The Corpus of Spoken Greek was originally designed for the qualitative analysis of language and linguistic communication, especially from the perspective of Conversation Analysis. Consequently, particular emphasis is placed on the transcription of tape-/video-recorded material as the faithful representation of sound reality.

For Conversation Analysis, transcription is not a mechanistic procedure (see related software in the market) nor is it restricted to the presentation of content (see print news interviews). On the contrary, the 'translation' of sound into writing presupposes theoretical processing and analysis as well as relevant training, and requires multiple 'corrections' by different individuals.

As a result, the transcribed texts of the Institute's Corpus of Spoken Greek depart from the standard orthographic representation of spoken discourse in that additional symbols are used to mark overlaps, pauses, intonational and other features of spoken discourse (see Transcription symbols). The texts also differ in the degree of precision with which they have been transcribed.

Size and discourse types of the Corpus of Spoken Greek

The Corpus of Spoken Greek is a set of digital files, which is updated and enriched according to the research project’s affordances and needs. The Corpus consists of three parts (see Pavlidou 2016: 41-68): 

1. Audiovisual material: It comprises tape-/video-recordings of naturally-occurring communication.

2. Transcribed material: A subset of the audiovisual recordings (cf. 1.) has been transcribed according to the conventions of Conversation Analysis (click here). This material is drawn from different discourse types, with varying degrees of formality, more specifically:

  • everyday conversations among friends and relatives (sample)
  • telephone calls (sample)
  • classroom interaction (sample)
  • television news bulletins (sample)
  • television interviews with politicians (sample)
  • interviews/discussions with Greeks of the diaspora (sample
  • other

The transcribed material exceeds 2,0 million words. Transcriptions vary in detail and quality. 

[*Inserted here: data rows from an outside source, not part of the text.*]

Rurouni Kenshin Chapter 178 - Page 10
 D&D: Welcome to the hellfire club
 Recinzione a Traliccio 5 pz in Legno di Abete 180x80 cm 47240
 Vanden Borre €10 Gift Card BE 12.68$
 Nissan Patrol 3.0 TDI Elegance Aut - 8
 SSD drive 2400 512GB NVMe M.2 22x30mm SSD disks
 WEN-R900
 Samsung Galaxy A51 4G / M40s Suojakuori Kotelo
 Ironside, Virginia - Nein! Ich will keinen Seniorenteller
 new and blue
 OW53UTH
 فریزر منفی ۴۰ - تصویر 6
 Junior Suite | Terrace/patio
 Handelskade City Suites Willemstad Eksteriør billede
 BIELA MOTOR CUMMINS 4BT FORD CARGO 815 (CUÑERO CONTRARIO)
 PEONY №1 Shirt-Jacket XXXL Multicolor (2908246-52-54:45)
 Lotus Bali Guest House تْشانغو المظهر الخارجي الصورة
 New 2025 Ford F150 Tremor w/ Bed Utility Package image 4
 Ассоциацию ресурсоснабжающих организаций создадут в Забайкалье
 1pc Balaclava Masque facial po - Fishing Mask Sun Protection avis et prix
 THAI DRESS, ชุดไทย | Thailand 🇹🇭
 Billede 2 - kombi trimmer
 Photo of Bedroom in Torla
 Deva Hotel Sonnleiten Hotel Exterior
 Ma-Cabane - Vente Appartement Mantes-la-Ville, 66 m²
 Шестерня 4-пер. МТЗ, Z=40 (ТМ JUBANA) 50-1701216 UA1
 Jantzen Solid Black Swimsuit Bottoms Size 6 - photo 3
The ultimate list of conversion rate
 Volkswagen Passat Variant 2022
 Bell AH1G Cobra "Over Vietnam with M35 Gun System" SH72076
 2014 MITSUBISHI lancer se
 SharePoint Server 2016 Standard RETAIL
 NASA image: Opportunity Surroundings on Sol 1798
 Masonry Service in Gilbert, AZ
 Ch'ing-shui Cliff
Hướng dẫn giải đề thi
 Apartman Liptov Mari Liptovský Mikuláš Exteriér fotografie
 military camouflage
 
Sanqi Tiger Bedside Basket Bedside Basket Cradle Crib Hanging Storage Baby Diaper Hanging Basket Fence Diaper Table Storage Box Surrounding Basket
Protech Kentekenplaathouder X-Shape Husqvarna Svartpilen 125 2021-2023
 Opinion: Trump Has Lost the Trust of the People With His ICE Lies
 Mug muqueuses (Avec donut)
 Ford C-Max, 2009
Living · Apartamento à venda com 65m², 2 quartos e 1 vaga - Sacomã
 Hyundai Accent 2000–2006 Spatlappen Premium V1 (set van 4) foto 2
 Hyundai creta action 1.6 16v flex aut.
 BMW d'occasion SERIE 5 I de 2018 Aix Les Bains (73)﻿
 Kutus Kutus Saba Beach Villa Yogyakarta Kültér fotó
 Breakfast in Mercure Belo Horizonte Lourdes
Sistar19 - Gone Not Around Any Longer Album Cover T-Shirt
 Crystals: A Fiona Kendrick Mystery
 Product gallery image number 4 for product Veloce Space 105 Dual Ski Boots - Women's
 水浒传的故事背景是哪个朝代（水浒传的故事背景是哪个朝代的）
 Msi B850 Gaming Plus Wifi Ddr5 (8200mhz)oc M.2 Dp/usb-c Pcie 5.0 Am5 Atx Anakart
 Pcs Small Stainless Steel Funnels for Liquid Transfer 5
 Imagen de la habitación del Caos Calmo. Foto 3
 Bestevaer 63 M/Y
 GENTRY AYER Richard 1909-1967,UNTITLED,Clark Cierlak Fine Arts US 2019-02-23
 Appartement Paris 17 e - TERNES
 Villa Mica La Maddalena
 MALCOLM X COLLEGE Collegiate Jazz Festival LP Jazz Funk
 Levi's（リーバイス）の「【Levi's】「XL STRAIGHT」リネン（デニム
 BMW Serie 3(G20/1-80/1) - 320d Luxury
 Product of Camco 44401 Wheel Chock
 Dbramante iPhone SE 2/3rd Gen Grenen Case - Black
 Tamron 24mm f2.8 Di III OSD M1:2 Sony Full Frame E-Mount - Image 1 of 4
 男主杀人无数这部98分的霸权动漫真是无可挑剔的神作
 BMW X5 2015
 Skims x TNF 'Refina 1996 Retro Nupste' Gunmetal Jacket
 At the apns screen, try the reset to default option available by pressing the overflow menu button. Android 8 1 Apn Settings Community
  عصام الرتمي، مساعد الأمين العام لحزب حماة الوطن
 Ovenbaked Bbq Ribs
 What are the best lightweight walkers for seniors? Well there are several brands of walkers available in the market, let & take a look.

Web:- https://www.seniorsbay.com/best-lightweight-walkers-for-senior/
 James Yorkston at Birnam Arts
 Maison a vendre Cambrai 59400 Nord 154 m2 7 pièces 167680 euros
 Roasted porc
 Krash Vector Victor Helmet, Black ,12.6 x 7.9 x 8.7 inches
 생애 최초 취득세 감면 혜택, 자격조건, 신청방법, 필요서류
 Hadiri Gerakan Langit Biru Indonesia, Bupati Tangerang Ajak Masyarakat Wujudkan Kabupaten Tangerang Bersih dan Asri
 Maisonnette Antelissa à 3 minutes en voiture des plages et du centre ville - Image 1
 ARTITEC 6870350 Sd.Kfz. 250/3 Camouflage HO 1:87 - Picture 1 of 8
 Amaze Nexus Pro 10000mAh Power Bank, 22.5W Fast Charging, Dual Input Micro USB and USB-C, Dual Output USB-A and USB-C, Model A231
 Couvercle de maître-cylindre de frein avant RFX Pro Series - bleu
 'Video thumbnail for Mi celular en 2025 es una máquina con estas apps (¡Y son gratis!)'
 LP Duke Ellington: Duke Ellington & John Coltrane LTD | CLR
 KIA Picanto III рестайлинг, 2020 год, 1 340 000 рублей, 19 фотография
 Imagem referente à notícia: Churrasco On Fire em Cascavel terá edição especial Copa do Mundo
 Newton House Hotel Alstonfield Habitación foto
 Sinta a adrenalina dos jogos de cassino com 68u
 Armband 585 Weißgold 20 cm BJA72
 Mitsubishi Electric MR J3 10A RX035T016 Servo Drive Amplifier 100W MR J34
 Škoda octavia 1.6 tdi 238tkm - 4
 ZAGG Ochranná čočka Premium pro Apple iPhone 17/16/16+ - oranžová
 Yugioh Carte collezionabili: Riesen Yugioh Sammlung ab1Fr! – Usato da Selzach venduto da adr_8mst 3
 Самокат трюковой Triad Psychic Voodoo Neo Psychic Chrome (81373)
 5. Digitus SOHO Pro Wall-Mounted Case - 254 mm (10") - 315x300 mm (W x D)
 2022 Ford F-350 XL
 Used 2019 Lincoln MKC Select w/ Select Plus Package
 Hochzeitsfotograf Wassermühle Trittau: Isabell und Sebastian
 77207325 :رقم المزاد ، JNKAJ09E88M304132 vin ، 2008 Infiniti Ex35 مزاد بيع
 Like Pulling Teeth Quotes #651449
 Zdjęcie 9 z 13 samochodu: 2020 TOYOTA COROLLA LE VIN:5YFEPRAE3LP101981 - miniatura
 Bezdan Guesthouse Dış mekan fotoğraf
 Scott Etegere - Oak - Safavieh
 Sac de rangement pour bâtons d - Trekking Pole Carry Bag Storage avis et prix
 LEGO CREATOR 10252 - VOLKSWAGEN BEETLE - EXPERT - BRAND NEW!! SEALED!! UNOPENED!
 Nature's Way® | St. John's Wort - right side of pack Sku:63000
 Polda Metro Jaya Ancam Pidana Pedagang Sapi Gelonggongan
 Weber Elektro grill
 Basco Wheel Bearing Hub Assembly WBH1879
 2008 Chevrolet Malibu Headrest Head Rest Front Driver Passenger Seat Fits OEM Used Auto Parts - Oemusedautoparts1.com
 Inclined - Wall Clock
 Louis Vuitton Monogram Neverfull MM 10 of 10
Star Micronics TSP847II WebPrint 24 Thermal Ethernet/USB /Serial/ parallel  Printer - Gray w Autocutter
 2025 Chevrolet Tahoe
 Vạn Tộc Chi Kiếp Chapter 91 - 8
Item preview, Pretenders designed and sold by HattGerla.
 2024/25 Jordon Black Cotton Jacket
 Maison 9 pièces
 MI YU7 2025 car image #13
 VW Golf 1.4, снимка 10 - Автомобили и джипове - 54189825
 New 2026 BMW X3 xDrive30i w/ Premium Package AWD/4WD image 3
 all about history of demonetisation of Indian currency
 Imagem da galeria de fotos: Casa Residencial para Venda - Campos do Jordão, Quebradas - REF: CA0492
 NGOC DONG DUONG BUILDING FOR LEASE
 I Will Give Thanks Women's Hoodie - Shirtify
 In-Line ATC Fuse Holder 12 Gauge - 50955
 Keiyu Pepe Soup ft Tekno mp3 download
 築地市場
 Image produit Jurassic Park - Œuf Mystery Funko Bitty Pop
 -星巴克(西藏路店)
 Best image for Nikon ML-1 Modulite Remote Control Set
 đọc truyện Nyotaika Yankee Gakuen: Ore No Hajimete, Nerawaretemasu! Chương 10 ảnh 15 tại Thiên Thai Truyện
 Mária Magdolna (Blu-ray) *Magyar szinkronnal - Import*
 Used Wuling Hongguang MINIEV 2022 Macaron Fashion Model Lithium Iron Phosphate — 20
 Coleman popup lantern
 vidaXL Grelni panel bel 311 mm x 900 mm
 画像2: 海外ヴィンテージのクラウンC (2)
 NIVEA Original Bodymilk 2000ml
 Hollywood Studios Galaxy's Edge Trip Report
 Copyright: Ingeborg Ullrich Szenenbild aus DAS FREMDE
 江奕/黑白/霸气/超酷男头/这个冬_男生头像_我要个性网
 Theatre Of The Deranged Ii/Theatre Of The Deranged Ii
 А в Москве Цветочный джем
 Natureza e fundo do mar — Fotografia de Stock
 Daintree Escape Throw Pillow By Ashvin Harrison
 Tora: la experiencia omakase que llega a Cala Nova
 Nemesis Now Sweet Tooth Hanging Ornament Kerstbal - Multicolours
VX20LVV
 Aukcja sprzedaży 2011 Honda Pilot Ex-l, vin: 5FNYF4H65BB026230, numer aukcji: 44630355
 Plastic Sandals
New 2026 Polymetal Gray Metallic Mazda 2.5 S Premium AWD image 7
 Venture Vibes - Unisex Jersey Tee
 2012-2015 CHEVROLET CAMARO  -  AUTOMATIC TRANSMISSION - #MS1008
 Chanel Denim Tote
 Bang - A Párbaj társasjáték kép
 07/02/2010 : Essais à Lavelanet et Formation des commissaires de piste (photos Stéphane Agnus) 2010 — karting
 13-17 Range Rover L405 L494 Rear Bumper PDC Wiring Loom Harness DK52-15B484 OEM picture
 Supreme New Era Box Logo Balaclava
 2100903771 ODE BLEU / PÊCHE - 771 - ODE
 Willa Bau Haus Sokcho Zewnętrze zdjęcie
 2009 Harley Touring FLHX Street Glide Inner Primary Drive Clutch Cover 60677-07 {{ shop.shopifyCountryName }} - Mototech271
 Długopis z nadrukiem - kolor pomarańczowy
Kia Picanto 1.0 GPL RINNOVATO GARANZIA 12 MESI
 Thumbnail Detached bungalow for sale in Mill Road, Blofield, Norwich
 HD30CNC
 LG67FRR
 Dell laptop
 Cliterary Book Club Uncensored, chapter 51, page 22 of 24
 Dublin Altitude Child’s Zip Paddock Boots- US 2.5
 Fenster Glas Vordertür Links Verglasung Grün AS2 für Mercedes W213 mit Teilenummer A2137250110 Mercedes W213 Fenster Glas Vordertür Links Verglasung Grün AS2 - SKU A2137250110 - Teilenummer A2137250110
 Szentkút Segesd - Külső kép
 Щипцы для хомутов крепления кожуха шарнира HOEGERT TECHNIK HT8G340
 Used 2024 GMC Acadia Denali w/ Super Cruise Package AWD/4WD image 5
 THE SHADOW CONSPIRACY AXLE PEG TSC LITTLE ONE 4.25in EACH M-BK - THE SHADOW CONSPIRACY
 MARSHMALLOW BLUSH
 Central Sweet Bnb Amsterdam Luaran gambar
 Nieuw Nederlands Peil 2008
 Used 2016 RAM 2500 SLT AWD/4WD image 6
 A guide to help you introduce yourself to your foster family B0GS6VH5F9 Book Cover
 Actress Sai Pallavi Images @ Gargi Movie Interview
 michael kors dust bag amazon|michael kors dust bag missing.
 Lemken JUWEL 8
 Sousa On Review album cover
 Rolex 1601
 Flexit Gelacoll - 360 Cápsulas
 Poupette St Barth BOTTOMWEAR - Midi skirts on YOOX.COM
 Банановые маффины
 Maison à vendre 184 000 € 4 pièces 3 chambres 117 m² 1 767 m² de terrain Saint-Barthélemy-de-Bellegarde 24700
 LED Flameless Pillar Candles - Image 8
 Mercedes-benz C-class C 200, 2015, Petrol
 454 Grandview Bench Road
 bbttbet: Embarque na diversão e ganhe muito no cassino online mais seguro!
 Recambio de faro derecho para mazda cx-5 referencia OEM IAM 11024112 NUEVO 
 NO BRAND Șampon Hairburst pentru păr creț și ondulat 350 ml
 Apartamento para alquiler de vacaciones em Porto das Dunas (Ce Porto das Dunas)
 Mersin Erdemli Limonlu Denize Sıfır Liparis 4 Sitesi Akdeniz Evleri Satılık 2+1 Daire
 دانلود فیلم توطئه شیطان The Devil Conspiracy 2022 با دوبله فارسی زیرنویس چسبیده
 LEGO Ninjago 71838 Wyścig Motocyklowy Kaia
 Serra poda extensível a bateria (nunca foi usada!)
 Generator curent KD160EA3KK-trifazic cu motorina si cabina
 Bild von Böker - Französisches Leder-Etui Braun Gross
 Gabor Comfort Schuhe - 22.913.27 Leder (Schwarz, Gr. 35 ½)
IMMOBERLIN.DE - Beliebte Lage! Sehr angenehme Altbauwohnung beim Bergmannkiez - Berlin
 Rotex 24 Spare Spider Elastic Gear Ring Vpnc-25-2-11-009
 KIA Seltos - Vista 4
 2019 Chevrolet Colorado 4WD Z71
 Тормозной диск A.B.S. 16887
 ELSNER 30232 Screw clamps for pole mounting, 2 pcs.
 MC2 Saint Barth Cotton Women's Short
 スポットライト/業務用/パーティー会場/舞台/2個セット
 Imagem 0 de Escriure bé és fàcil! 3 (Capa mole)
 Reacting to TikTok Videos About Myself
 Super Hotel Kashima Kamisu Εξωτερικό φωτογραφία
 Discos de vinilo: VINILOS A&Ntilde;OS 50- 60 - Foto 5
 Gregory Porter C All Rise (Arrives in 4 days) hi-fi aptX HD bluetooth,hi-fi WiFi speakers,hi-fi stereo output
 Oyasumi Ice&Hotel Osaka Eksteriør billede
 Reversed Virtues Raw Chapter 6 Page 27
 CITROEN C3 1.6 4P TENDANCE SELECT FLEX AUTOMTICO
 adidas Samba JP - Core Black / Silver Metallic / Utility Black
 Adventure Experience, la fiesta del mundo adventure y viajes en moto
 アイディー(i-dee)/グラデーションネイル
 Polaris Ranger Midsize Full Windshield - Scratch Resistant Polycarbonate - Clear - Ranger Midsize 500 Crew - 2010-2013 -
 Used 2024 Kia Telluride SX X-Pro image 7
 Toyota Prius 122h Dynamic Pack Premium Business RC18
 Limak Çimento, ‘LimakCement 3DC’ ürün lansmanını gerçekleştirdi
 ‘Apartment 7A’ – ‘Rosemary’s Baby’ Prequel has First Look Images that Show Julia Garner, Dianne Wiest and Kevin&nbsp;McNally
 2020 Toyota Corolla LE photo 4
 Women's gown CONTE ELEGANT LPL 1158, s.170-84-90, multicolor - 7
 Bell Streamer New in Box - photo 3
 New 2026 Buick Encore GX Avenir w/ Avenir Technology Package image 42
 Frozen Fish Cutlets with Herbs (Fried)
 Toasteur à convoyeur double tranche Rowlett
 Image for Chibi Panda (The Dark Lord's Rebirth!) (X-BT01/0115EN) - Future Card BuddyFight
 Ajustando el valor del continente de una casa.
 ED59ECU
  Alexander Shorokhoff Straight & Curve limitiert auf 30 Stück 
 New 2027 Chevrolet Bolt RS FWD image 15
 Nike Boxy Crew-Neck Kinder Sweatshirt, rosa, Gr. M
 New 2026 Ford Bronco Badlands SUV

3. Online material: Part of the transcribed material is available at corpus-ins.lit.auth.gr/corpus/index.html and can be used freely online. It currently consists of:

  • 40 everyday conversations among family and friends
  • 145 telephone calls
  • 17 television interviews with politicians

Access and conditions of use

The Corpus of Spoken Greek was originally compiled for the qualitative analysis of language and linguistic communication, mainly from the perspective of Conversation Analysis. Part of the (transcribed) Corpus, though, can be utilized for quantitative analysis as well, and is freely available online (corpus-ins.lit.auth.gr/corpus/index.html)

For qualitative analysis, if additional material (besides that available online) is required, the Institute of Modern Greek Studies can provide access to further files – the project’s affordances permitting. 

Access is
a) contingent on the detailed explanation of the reasons that necessitate particular types/quantity/form of material, 
b) subject to the Institute’s discretion. 

To request additional material, please complete this form (click here) and send it either via conventional mail to the postal address: 

    Professor Th.-S. Pavlidou
    Corpus of Spoken Greek
    Institute of Modern Greek Studies [Manolis Triandaphyllidis Foundation]
    Aristotle University of Thessaloniki
    GR-541 24 Thessaloniki, Greece 

or electronically to <This email address is being protected from spambots. You need JavaScript enabled to view it.>.

Upon receiving the signed form, a CD with the requested material will be mailed to you. This CD has to be returned to IMGS when your research is completed.

Related bibliography

Pavlidou, Th.-S. (ed.). 2016. [in Greek] Making a Record of the Greek Language. Thessaloniki: Institute of Modern Greek Studies.

Pavlidou, Th.-S. 2012. The Corpus of Spoken Greek: Goals, challenges, perspectives. LREC Proceedings, Workshop 18 (Best Practices for Speech Corpora in Linguistic Research), 23-28.

Pavlidou, Th.-S., Ch. Kapellidi & E. Karafoti. 2014. The Corpus of Spoken Greek (CSG). In: Best Practices for Spoken Corpora in Linguistic Research, Ş. Ruhi, M. Haugh, T. Schmidt & K. Wörner (eds), 56-74. Newcastle upon Tyne: Cambridge Scholars Publishing.